Prospek eskalasi perang dagang dengan Tiongkok ini membuat para pakar bisnis dan perdagangan khawatir akan adanya dampak yang jauh lebih besar dibandingkan yang dirasakan sekarang. Selasa (11/9) lalu Kepala Dana Moneter Internasional (IMF) Christine Lagarde memperingatkan bahwa konflik dagang ini bisa membuyarkan prospek perekonomian negara-negara berkembang.

Perusahaan-perusahaan besar AS seperti Apple dan Ford juga mengingatkan bahwa tarif baru akan meningkatkan harga-harga di level konsumen atau berdampak pada lokasi produksi mereka.
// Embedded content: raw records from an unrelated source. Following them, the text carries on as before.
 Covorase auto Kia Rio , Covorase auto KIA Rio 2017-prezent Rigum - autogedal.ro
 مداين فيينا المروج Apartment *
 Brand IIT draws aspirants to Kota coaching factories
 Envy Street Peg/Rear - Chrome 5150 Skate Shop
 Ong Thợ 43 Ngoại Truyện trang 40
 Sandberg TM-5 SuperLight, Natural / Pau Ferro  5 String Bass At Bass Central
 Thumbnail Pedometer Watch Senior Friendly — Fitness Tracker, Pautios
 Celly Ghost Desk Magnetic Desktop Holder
Rencana tarif berikutnya memang akan mencakup produk-produk konsumen untuk pertama kalinya, dan justru akan lebih dirasakan pahit oleh perekonomian AS sendiri.
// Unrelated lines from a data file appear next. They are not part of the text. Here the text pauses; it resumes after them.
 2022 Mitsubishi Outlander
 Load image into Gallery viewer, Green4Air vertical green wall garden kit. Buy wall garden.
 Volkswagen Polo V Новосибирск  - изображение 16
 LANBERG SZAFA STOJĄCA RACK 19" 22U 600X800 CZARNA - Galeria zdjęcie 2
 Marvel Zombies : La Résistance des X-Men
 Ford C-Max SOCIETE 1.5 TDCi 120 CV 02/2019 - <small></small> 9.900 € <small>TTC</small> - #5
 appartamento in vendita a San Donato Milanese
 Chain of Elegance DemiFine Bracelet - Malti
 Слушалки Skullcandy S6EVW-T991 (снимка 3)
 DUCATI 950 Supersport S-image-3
“Anda tidak akan bisa menghindar dari dampak langsung produk-produk konsumen, dari jus apel sampai jok mobil,” kata Jake Colvin, wakil presiden urusan perdagangan global di lembaga bisnis National Foreign Trade Council. Tarif tambahan seperti yang sudah diterapkan juga akan memberatkan barang-barang Tiongkok yang digunakan oleh manufaktur AS untuk produksi akhir mereka. Kalau proses produksi makin mahal, maka dampak perang dagang pada dunia usaha AS seperti fungsi jangkar di laut, kata Colvin.
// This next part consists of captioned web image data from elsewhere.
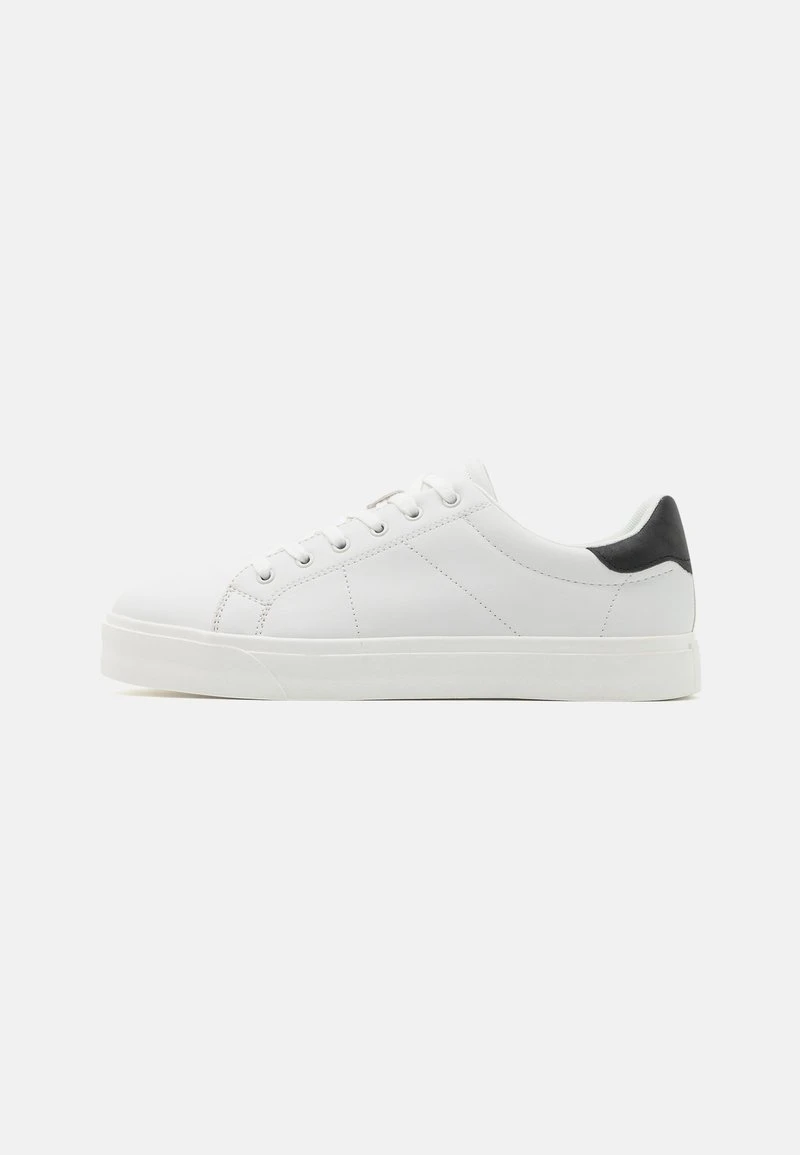 Pier One Sneaker Low - White 1 Pier One Sneaker Low - White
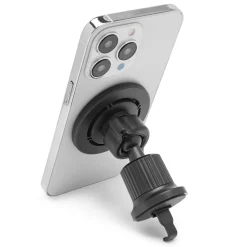 Linocell Mobiltelefonholder|Magnetisk bilholder for bil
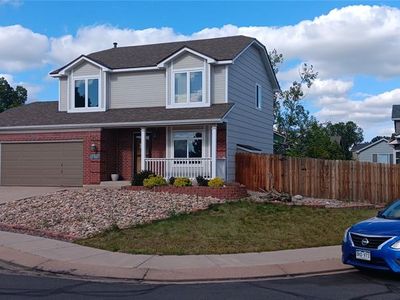 3690 Amelia Island St, Colorado Springs, CO, 80920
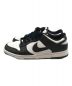 NIKE (ナイキ) DUNK LOW RETRO PRM/ダンクロウレトロ ホワイト×ブラック サイズ:27cm：7800円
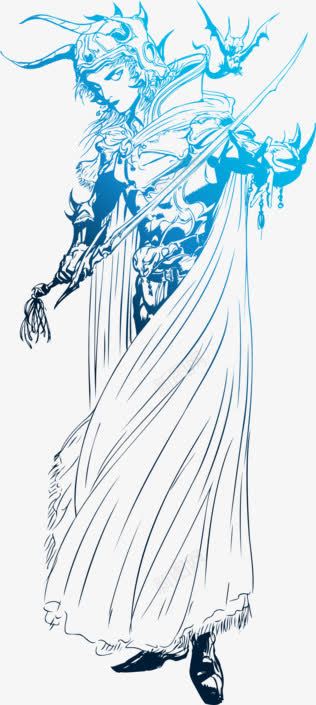 邪魅牛魔王片png免抠素材_新图网 https://ixintu.com 图片 素材 魔王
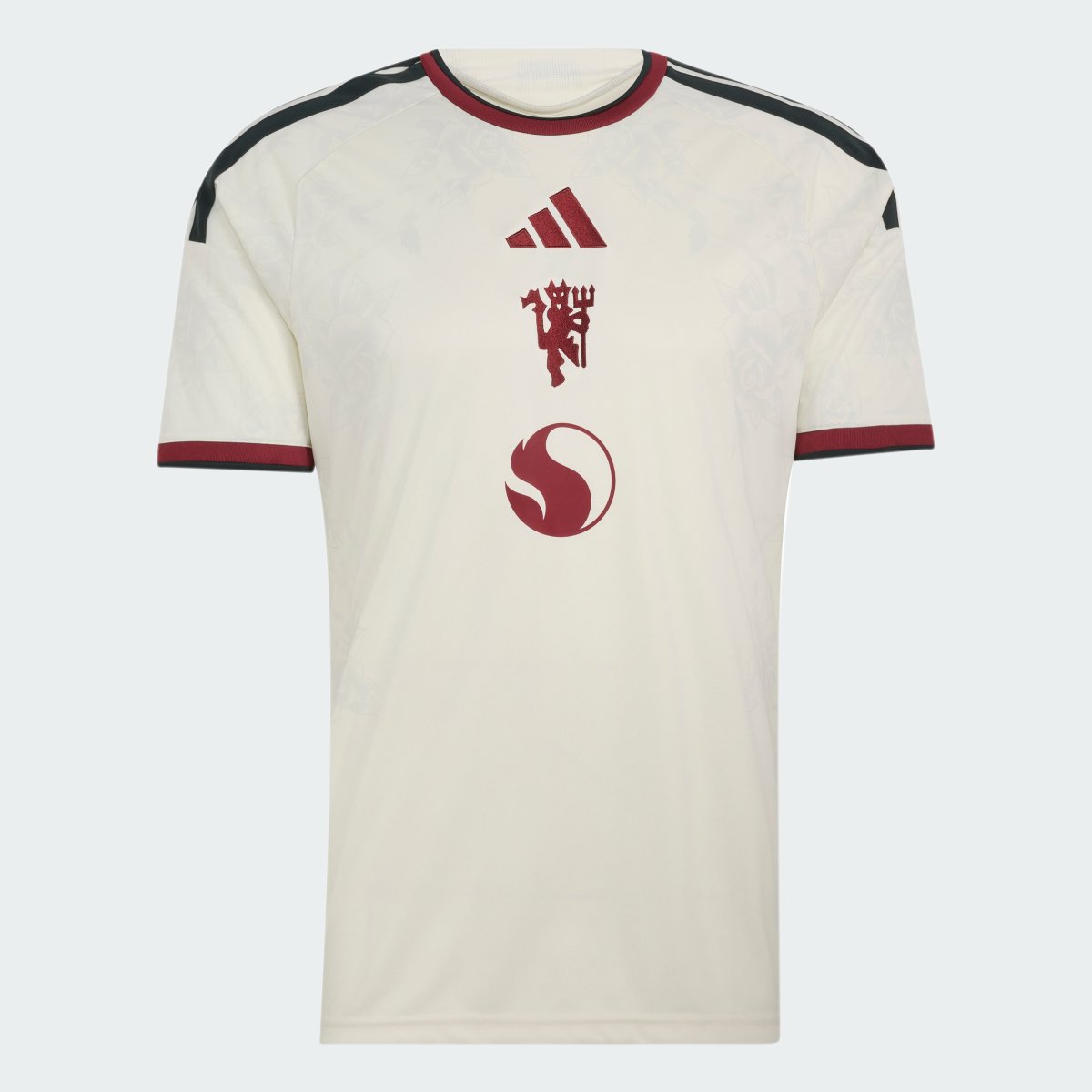 חולצה שלישית מנצ'סטר יונייטד - Manchester United Third Jersey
“Manufaktur AS akan kurang kompetitif terhadap para rival asing mereka, apakah di Eropa atau Tiongkok,” ujarnya. Hal demikian justru bisa mendorong sejumlah perusahaan AS untuk memindahkan lokasi produksi ke negara lain, tambahnya.

Logika Globalisasi Hancur
Tarif atas impor dari Tiongkok itu diperkirakan dalam kisaran 10-25%. Di luar dampak biaya yang timbul akibat tarif itu, ada hal lain yang jauh lebih mengkhawatirkan, yaitu dampaknya pada perdagangan dunia. Selama puluhan tahun, dunia usaha telah membangun rantai pasokan global (global supply chains) untuk menekan ongkos dan meningkatkan produktivitas. Dengan makin banyaknya hambatan dagang, AS dan Tiongkok bisa menderita karena lebih banyak barang industri yang terkena tarif, kata Daniel Rosen, mitra di lembaga riset ekonomi Rhodium Group.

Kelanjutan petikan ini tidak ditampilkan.